Additionally, this sort of updating presents another problem, and one that is especially apparent in the context of the Twenty-First Amendment: It can leave state legislatures and lower federal courts with no firm understanding of what the law actually is. When one clear rule simply replaces a previous rule, the law is easy enough to understand. But when the High Court carves out one exception after another, it becomes difficult to know how any individual case should come out. From the vantage point of a court of appeals, the law frequently is fixed; and then we readily follow the Supreme Court. But in this area, absent a perfectly analogous case, we are all too frequently left to try to guess at the currently applicable rule from the Court's evolving jurisprudence, a jurisprudence that seems more focused on updating constitutional meaning than with principled judgments. To the student and teacher of the law, it appears clear that the meaning of the Twenty-First Amendment is changing. But it is difficult to know just how much the Supreme Court wants that amendment to evolve.
This leaves lower courts in a difficult situation; we strive to interpret what the law "is" while knowing well that there is no "is" but only a direction. In such circumstances, the best that we can do is to look to the bulk of cases decided by the Supreme Court and read with special care its latest decision — at the moment, Granholm. For, while the general direction of Supreme Court jurisprudence has been toward prohibiting any discriminatory state regulation, it is not for our court to say how far or how fast we should move along that vector. As a result, we must look to the run of Supreme Court cases that have permitted broad state regulation, and then consider the existing exceptions, particularly those both described and limited in the recent controlling Granholm case, and, on that basis, decide.

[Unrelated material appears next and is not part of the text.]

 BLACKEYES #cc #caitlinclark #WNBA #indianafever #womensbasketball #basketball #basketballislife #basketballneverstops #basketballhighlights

When we do that, we can only come out one way. To be sure, the case before us could be viewed as merely a small step beyond Granholm. But, in fact, for the reasons ably given in Judge Wesley's opinion, to strike down the state law under review would, at the same time, require us to ignore too much of the background jurisprudence and to extend the trend well beyond Granholm while ignoring some of its most specific language.

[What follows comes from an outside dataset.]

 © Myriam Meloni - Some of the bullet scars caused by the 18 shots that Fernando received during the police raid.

An extension of this sort is not for us to make. Although one might well argue that some of the deeper updating notions underlying Granholm suggest that the Supreme Court will ultimately go further than it there did, we cannot decide the case before us on the basis of such prognostications. If the Supreme Court wishes further to meld the Twenty-First Amendment into the broad constitutional landscape, so be it. But unless and until it does, Judge Wesley's analysis seems to me to be exactly right, and I gladly join his opinion.